The Problem with Agent Reliability
Conventional AI agents often fail unpredictably. Relying solely on prompting leads to inconsistent state management and unreliable interactions with external tools or APIs.
The Proxy Base Agent (PBA) provides engineered reliability. It employs an explicit state machine architecture, enforced at runtime by the Proxy Structuring Engine, to guide LLM behavior. This defines agent logic (e.g., Plan ➔ Act) and ensures dependable execution.
How It Works
State Machine Logic - Agent behavior (Thinking, Tool Call states) is defined via state machines. Nested structures enforce rules within each state.
Runtime Enforcement - The Proxy Structuring Engine guarantees valid state transitions and structurally correct outputs (e.g., tool calls) during generation.

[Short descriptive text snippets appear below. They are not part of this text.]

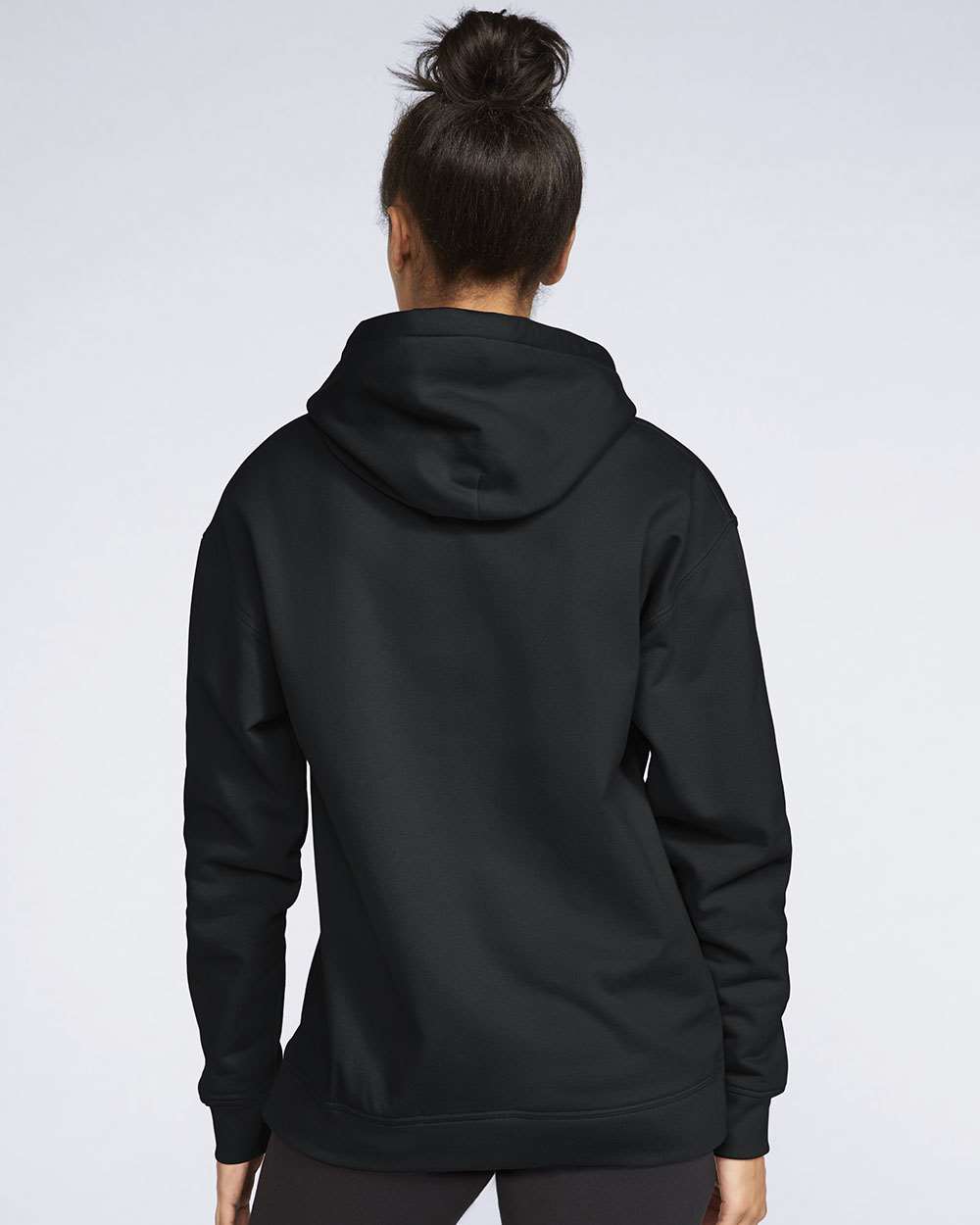 Gildan - Softstyle® Midweight Hooded Sweatshirt - SF500 - PRINTED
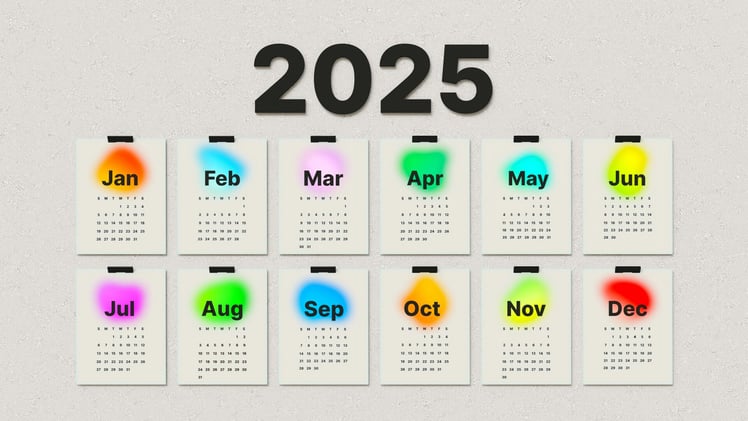 2025 Isn't Going According to Plan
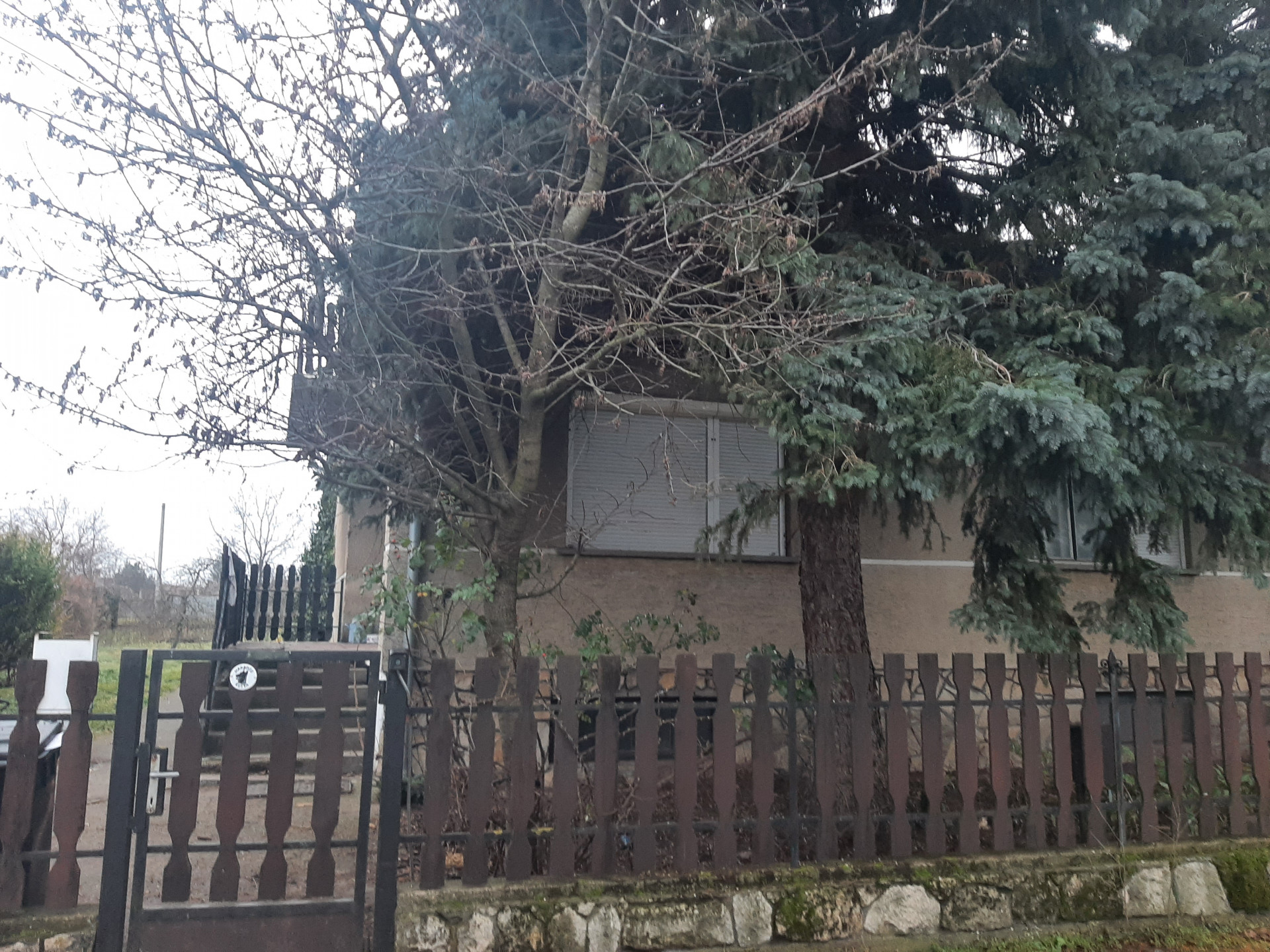 Hegyeshalom Családi ház Eladó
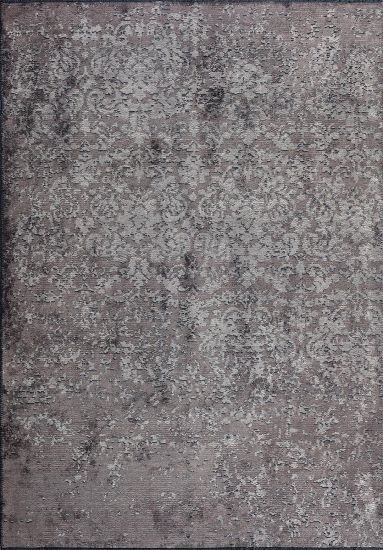 Croftway Grey Distressed Living Room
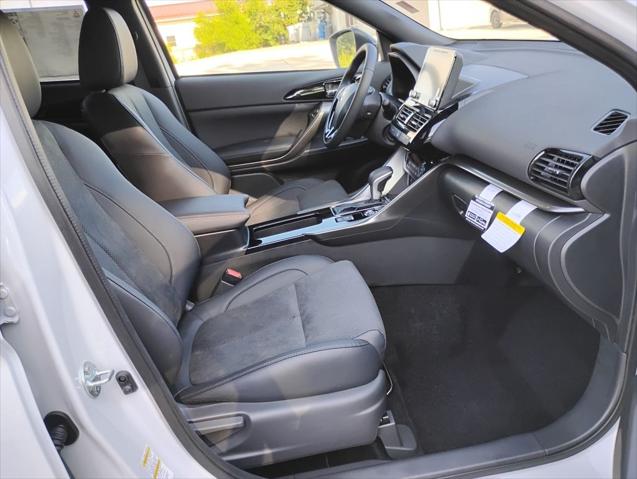2025 Mitsubishi Eclipse Cross Black Edition S-AWC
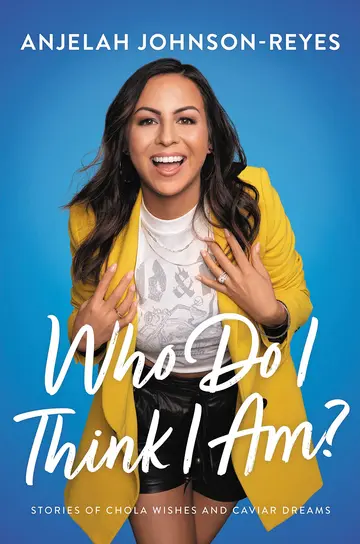 Cover of Who Do I Think I Am?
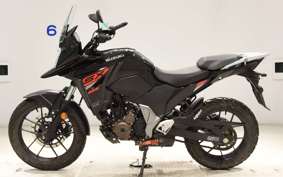 SUZUKI Vストローム250SX EL11L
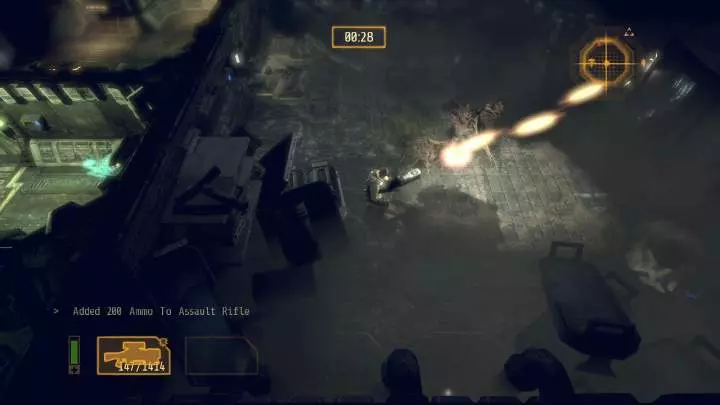 Alien Breed 3 Descent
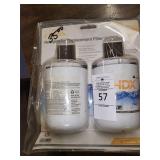 Refrigerator Filters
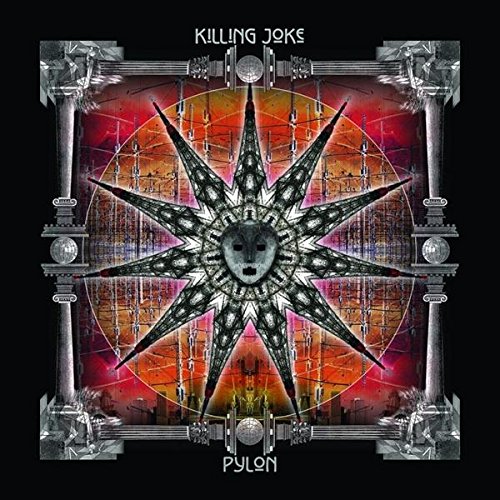 Killing Joke - Pylon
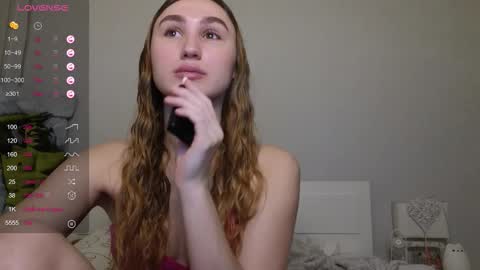 Princess Kelly online show from 11.24.25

Dynamic Capabilities - Connecting to Model Context Protocol servers adds tools by rebuilding relevant state machine components at runtime.
Observable Control - Explicit states for planning and action provide transparency and allow for predictable agent behavior.
Applications
Trustworthy Automation - Build agents that reliably complete complex, multi-step tasks without unpredictable failures.
Secure Tool Interaction - Integrate safely with APIs and external systems, preventing errors from malformed requests.
Custom Agent Systems - Develop specialized agents tailored to specific domains, proprietary data, or unique workflows.
Personalized AI - Enable agents that run locally, maintain state consistently, and adapt to individual needs.
Benefits
Dependable Execution - Move from unreliable prompting to engineered reliability for critical tasks.
Simplified Development - Build complex agents faster by relying on guaranteed structural components and predictable execution flow.
Increased Trust & Control - Confidently delegate tasks to AI through observable, controllable, and reliable performance.